For the first few weeks of life with Peter, things were unpredictable, and I think it is good that I focused taking care of the baby and myself without trying to adhere to any particular schedule. However, as the weeks flew by, I noticed that Peter and I started hitting a bit of a rhythm in our daily lives. I wanted to get back into writing and blogging, and I knew that a schedule would help add some order and structure to the randomness of the day. Even so, I held back from a "schedule," because babies and schedules aren't compatible, right? Around this time, Bonnie wrote about how her summer schedule allows for flexibility and spontaneity while still keeping the day ordered. And as I thought about it more, I began to see that my reluctance to make a "schedule" stemmed more from my unwillingness to hold myself accountable than from my baby's unpredictability.

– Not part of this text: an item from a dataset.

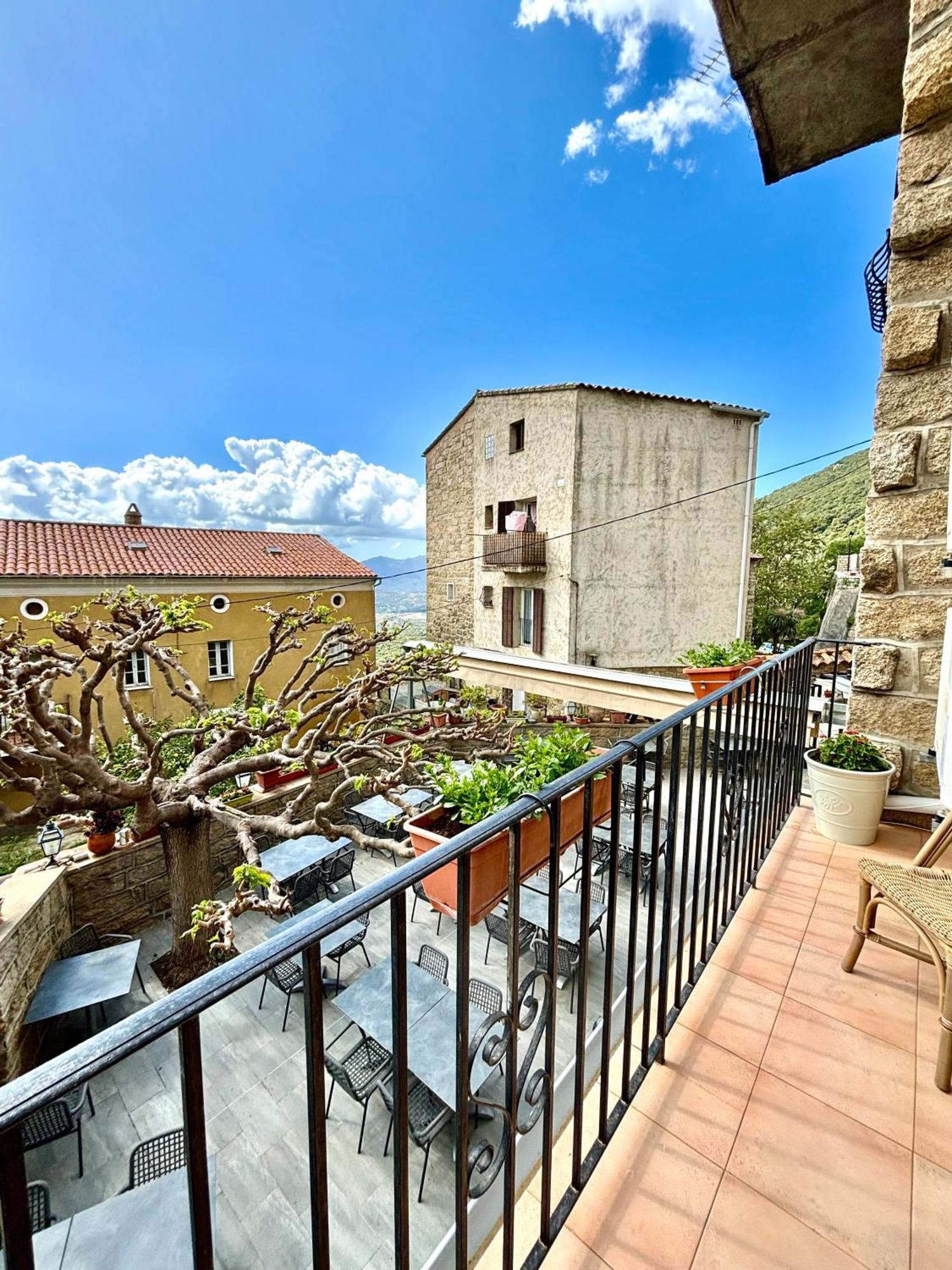 Hoetel U Santa Maria Olmeto  Habitación foto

Enter the hobbit-monk lifestyle.
I love hobbits. They are delightful, homey, wear bright colors, and go around barefoot in "a well ordered and well-farmed countryside." They are peaceful folk, who are content to just be. They seem to live their lives in a joyful, peaceful rhythm of work and mealtimes.
"Their faces were as a rule good-natured rather than beautiful, broad, bright-eyed, red-cheeked, with mouths apt to laughter, and to eating and drinking. And laugh they did, and eat, and drink, often and heartily, being fond of simple jests at all times, of of six meals a day (when they could get them)." ~The Fellowship of the Ring, J. R. R. TolkienIf hobbits were members of a Catholic religious order, there is no doubt in my mind that they would be Benedictine monks.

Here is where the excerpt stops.